> _Your objective_:
If a line in the entries includes "sunset", show that line.

[Extracted data entries]
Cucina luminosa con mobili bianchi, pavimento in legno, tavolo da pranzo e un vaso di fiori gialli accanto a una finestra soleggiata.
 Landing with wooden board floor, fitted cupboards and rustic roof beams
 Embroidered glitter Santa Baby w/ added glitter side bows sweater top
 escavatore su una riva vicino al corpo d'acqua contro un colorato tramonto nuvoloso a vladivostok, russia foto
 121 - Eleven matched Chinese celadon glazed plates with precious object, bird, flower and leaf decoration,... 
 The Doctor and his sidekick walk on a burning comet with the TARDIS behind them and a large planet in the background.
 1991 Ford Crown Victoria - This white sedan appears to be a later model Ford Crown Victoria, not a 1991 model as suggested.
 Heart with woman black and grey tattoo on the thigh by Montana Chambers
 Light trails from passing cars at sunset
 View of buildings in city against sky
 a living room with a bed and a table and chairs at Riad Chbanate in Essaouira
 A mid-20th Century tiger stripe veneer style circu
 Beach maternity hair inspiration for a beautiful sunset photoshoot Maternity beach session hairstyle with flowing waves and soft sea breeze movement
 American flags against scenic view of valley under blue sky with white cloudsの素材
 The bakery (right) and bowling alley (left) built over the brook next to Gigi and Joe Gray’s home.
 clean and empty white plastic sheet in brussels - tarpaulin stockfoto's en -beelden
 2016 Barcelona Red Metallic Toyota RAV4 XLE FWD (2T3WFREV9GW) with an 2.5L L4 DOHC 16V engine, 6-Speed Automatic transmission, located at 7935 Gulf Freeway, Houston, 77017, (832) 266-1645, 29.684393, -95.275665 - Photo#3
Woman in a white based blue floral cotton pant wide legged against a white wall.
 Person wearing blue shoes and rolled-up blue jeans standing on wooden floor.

> _Solution to this problem_:
 Light trails from passing cars at sunset
 Beach maternity hair inspiration for a beautiful sunset photoshoot Maternity beach session hairstyle with flowing waves and soft sea breeze movement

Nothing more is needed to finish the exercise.